Parsons v. East St. Louis Gas Light & Coke Co.

108 Ill. 380 | Ill. | 1884

Mr. Chief Justice Sheldon

delivered the opinion of the Court:

Taxes assessed on the capital stock of a corporation are a personal property tax. A tax on personal property does not become a lien on any personal property until the tax books ' are delivered into the hands of the collector, and it does not become a lien on real estate until the collector, on failure to collect the tax from personal property, charges the same on such real estate in his application for judgment for delinquent taxes. (Cooper v. Corbin, 105 Ill. 225; Binkert v. Wabash Ry. Co. 98 id. 206; Belleville Nail Co. v. The People, id. 399; Carter v. Rodewald, ante, p. 351.) It does not appear that any personal property was sold in this case on which the taxes in question were a lien, and their levy on the real estate was subject to the prior deed, of trust made and recorded in 1874. The tax charged upon the real estate here is not a tax assessed on it, but a tax assessed upon personal property, and sought to be collected by charging the same against real estate.
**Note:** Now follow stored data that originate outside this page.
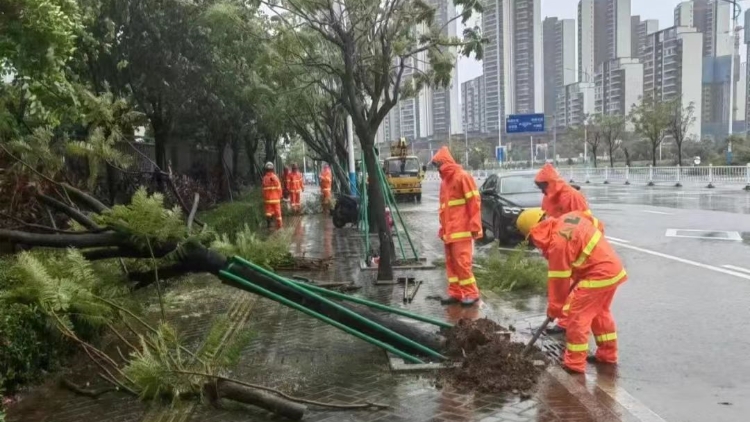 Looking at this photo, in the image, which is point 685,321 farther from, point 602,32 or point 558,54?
point 602,32

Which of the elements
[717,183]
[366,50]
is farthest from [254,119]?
[717,183]

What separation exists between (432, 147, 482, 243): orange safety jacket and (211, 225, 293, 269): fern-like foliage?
2173 mm

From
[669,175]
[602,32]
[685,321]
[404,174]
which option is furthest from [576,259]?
[602,32]

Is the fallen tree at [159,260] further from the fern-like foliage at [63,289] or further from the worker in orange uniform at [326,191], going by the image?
the worker in orange uniform at [326,191]

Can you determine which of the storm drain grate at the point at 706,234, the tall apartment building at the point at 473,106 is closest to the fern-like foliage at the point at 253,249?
the storm drain grate at the point at 706,234

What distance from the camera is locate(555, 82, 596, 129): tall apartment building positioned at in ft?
170

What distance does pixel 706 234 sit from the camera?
13.1m

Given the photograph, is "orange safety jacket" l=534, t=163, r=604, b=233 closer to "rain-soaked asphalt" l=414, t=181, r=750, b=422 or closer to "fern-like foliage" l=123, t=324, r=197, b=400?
"rain-soaked asphalt" l=414, t=181, r=750, b=422

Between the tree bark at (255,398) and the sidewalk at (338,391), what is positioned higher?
the tree bark at (255,398)

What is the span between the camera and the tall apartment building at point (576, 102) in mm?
51781

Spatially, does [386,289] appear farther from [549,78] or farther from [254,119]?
[549,78]

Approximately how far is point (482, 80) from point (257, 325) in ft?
156

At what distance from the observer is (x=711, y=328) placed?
21.2 feet

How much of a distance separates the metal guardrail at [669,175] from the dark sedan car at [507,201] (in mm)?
11507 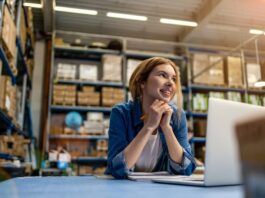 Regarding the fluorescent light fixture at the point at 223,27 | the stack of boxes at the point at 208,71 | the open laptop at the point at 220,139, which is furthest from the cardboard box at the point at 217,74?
the open laptop at the point at 220,139

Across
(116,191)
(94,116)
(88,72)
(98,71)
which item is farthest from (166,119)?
(98,71)

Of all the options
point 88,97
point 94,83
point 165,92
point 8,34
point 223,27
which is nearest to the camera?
point 165,92

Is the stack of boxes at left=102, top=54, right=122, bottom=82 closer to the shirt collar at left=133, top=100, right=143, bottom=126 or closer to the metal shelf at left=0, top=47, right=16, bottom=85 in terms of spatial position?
the metal shelf at left=0, top=47, right=16, bottom=85

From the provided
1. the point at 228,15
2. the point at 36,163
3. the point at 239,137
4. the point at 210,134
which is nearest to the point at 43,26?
the point at 36,163

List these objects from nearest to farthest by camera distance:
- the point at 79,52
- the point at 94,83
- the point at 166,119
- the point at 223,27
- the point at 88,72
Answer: the point at 166,119 < the point at 94,83 < the point at 88,72 < the point at 79,52 < the point at 223,27

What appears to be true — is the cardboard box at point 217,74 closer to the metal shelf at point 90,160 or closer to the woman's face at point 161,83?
the metal shelf at point 90,160

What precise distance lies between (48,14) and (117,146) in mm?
5004

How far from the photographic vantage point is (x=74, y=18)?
21.7ft

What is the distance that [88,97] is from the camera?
585cm

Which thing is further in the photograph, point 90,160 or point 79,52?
point 79,52

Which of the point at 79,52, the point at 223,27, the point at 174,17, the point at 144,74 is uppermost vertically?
the point at 174,17

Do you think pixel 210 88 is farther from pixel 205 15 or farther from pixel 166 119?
pixel 166 119

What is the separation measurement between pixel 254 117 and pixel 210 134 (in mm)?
617

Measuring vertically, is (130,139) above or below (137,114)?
below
Any lien in respect of these taxes is subsequent to that of the deed of trust, and is to be held as subordinate thereto.

These principles and authorities would seem to be decisive of this case; but they are claimed by appellee to be without application to the facts of the present case, because of the particular provision contained in the deed of trust in respect to payment of taxes. The deed provides, that upon default in any of its terms the trustees are authorized to enter upon all the gas works premises and property conveyed, and operate the same, and collect and receive all income, rents and profits, and after deducting “all payments for' taxes, assessments, charges and liens upon said works and premises, to apply the same to the debt secured by the deed of trust; ” and in case of a default in payment for three months, the trustees were authorized to sell and dispose of the. property, and after deducting all payments made by them for taxes or assessments thereon, to pay over the balance to the bondholders. It is said that thus, by the express terms of the deed of trust, all taxes and assessments were to be. paid. We do not so read that there was any agreement here to pay taxes which the county could avail itself of as a promise iu its favor to pay the taxes. The deed no doubt authorized the trustees to make payment of any taxes, and in case of their doing so, to reimburse themselves out of the property; but we can not construe the language as imposing any obligation to pay the taxes, and especially those accruing, as did these, before taking possession of the property. We fail to find, then, in this provision in the deed of trust as to payment of taxes, a ground to sustain the prayer of the petition.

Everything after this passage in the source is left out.